Dataset extract below:
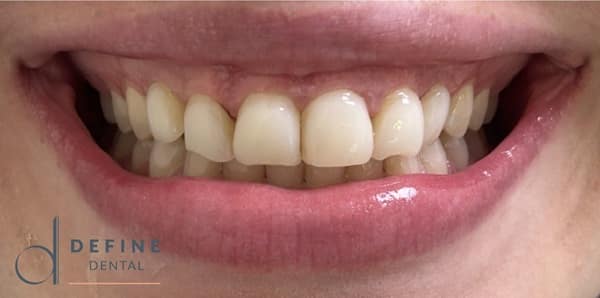 PPB&A 3&4 with border | Define Dental PPB&A 3&4 with border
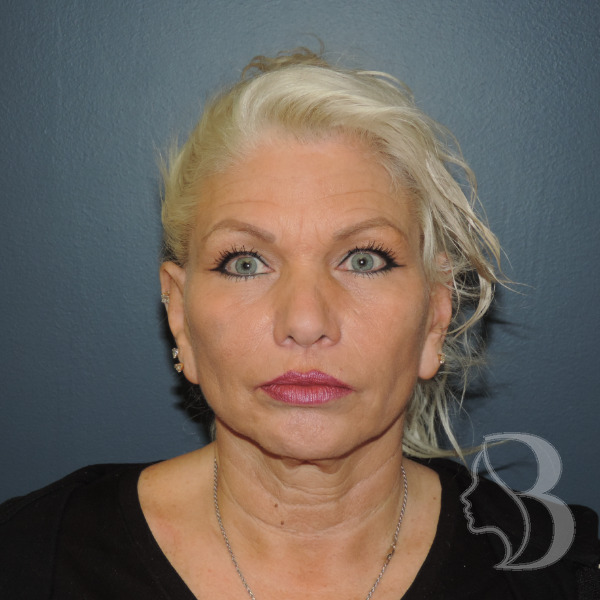 Face & Neck Lift, Lower Blepharoplasty before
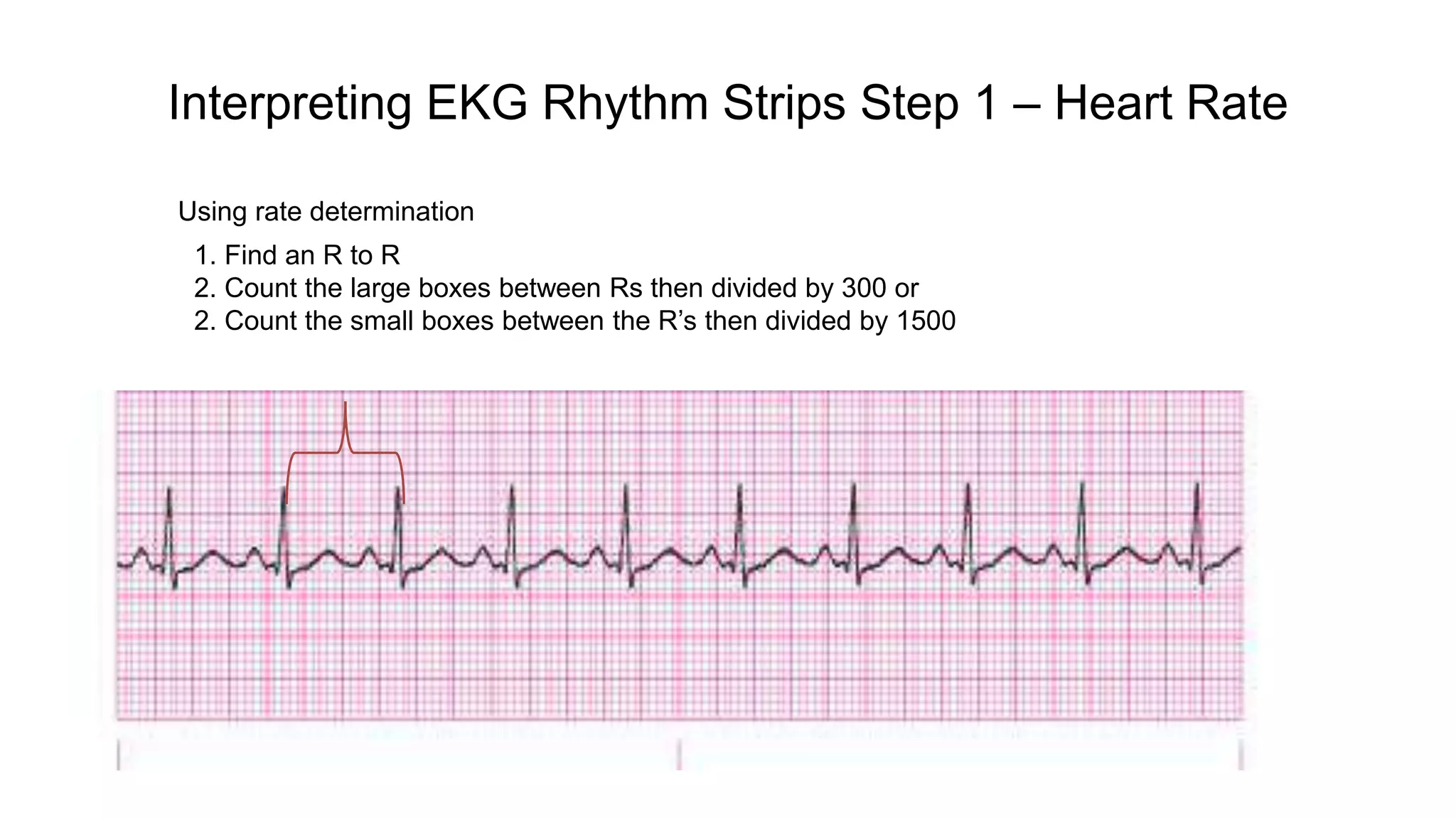 Ecg presentation1 | PPTX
End of Dataset extract.
- [Your instructions]: No pictures, please. Output the listing above exactly as it stands.

- [Reply]:
 PPB&A 3&4 with border | Define Dental PPB&A 3&4 with border
 Face & Neck Lift, Lower Blepharoplasty before
 Ecg presentation1 | PPTX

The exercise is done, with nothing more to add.